The OP stated that his starter was throwing H2S. H2S production with most lager yeast strains is normal; however, it's a sign of stress with most ale yeast strains.
Mark, try using 50ml of 5% w/v (1.020) wort next time you attempt to start the dregs from a bottle of bottle-conditioned beer. Five percent wort is less likely to stress the remaining viable cells, and it is easier to diffuse O2 into 5% w/v wort than it is 10% w/v (1.040) wort. Old cells need to be babied.
Good catch. I didn't notice that he was making a starter from dregs.

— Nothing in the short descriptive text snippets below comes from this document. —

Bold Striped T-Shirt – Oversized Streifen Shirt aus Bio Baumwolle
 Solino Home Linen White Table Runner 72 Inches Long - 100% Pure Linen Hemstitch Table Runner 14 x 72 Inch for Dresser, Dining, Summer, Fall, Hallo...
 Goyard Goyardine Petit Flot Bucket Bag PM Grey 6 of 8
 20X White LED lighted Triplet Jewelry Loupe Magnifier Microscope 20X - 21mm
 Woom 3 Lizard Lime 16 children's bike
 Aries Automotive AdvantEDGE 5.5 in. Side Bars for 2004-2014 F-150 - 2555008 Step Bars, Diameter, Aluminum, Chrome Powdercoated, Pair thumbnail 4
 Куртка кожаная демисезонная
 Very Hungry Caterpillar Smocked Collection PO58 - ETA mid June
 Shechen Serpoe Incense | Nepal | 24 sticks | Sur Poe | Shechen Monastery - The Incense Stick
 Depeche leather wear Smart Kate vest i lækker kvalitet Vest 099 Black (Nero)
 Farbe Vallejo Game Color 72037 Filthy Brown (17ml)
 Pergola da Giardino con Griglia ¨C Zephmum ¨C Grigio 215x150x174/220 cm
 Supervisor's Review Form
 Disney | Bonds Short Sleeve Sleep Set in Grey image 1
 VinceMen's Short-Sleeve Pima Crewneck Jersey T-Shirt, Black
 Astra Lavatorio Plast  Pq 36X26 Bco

I've changed up my dreg procedure a bit recently with good results (partly based on some things I picked up from your posts about storing yeast under beer). I save about 4 ounces of beer with the dregs in the bottle to be cultured, then add it to 4 oz of normal strength starter wort in a mason jar for my first step. This gives you a half-strength starter, with some of the protective effects of the finished beer (i.e., alcohol and pH). Plus by saving some of the liquid beer, you will not only culture up the cells that have flocced out, but also ones that have remained in suspension and could potentially be a bit more active.
Step one takes a while to really get rolling, but I have noticed much healthier and more vigorous ferments when I step up the starter to pitching quantities using this procedure.